Selain itu, Metcalf juga menyinggung mengenai IQ (di mana suatu ras sering sekali disterotipkan
dengan tingkat IQ tertentu)—Intelligence Quotient (IQ) merupakan kemampuan untuk bertindak secara
efektif, berpikir rasional dan menghadapi lingkungan secara baik dan secara umum, IQ merupakan
kemampuan mental yang melibatkan proses berpikir secara rasional. Pertama, mengukur tingkat IQ
seseorang itu tidaklah semudah menguji golongan darah seseorang. Kedua, IQ suatu populasi hanya dapat
dibandingkan dengan mengambil rata-rata. Setiap individu itu sangat bervariasi pada bidang apa pun itu
ketika kita sedang menguji IQ mereka. Jadi, yang ingin ditekankan di sini adalah, jika anda bertemu
seseorang (misalkan orang Afrika atau orang Jepang) yang anda dapat ketahui saat itu hanyalah jumlah
melanin yang dia miliki. Anda tidak tahu apa-apa tentang tinggi badan, golongan darah, IQ, bakat, atau
kecenderungan yang melekat pada kepribadian apatis atau mudah tersinggung.

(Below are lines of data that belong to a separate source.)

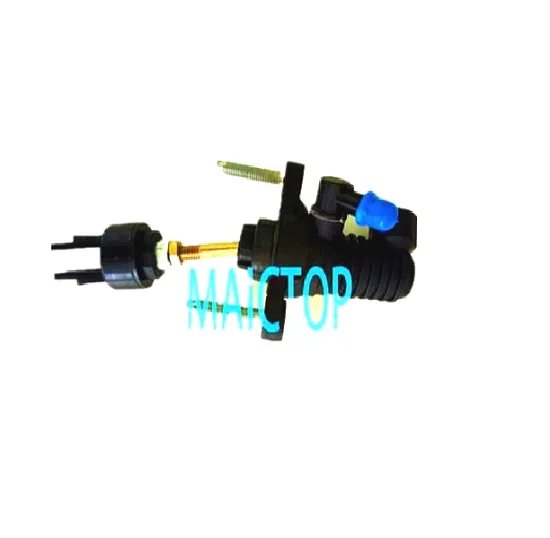 OEM 31420-OK013 Clutch Master Cylinder for Hilux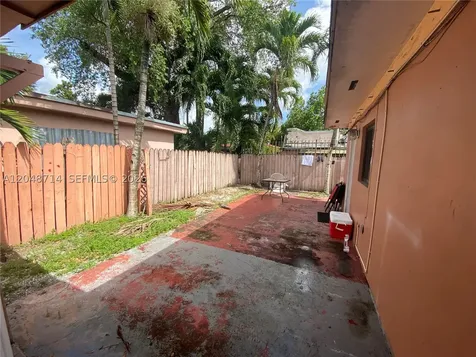 2460 NW 15th Street Miami FL 33125
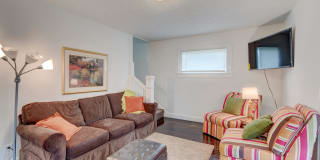 798 Sprague StreetBEDROOM 3Bhttps://livehomeroom.com/708 798 Sprague StreetBEDROOM 3Bhttps://livehomeroom.com/708 Photo Gallery 1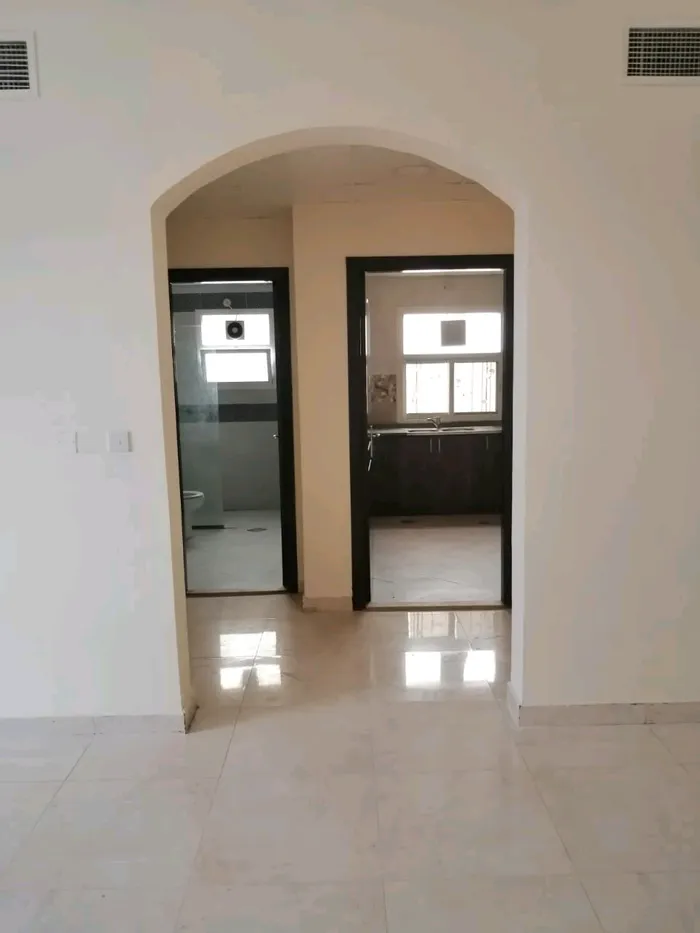 شقه غرفتين وصالة للإيجار السنوي : Image 1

Kesimpulan yang bisa saya ambil di sini adalah bahwa benar adanya kita dapat melihat dengan mata
kita sendiri bahwa populasi manusia bervariasi dalam warna kulit, dimensi tubuh, golongan darah dan
sejumlah variabel lainnya, tetapi ini tidak berarti mereka memiliki ras dalam istilah biologis. Artinya
populasi manusia tidak semata-mata dapat diurutkan ke dalam sejumlah kotak kecil, yang masing-masing
berisi populasi yang menyerupai satu sama lain dalam berbagai variabel. Justru kebalikannya: semakin
banyak variabel yang diukur, semakin banyak kotak diperlukan untuk membendung keberagamannya.
Pertama, stereotip rasial pasti akan menyesatkan. Maksud dari hal ini adalah tidak mungkin suatu
populasi masyarakat yang memiliki kesamaan fisik berarti juga akan memiliki kesamaan IQ pula di setiap
manusianya. Kedua, ketika orang membahas isu ras, mereka benar-benar berbicara tentang fenomena
budaya. Apa yang ingin sebenarnya ditanyakan oleh antropolog adalah keadaan historis apa yang membuat
perbedaan "rasial" ini penting di tempat dan waktu yang ini. Bagaimana dengan kategori dimobilisasi dalam
situasi sosial dan politik?
Terkadang dalam kehidupan sehari-hari, kita sering asal menilai orang hanya karena latar
belakangnya seperti budaya dan rasnya. Padahal, bukan itu yang diinginkan para antropolog di zaman
sekarang. Sebab, apabila hal tersebut tetap melekat pada diri kita, maka akan dapat menimbulkan banyak
konflik dan permasalahan baru yang justru seharusnya tidak perlu dipermasalahkan. Selain itu, hal tersebut
juga dapat membuat kita menjadi minder dan tidak percaya diri dengan ras yang kita miliki atau bahkan
menganggap budaya kita yang paling bagus daripada yang lain. Miskonsepsi semacam inilah yang harus kita
berantas dan kita ubah agar semua orang dapat lebih memahami bahwa kita sesungguhnya sama dan
masing-masing dikaruniai keunikan yang khas yang sepatutnya disyukuri dan dilestarikan.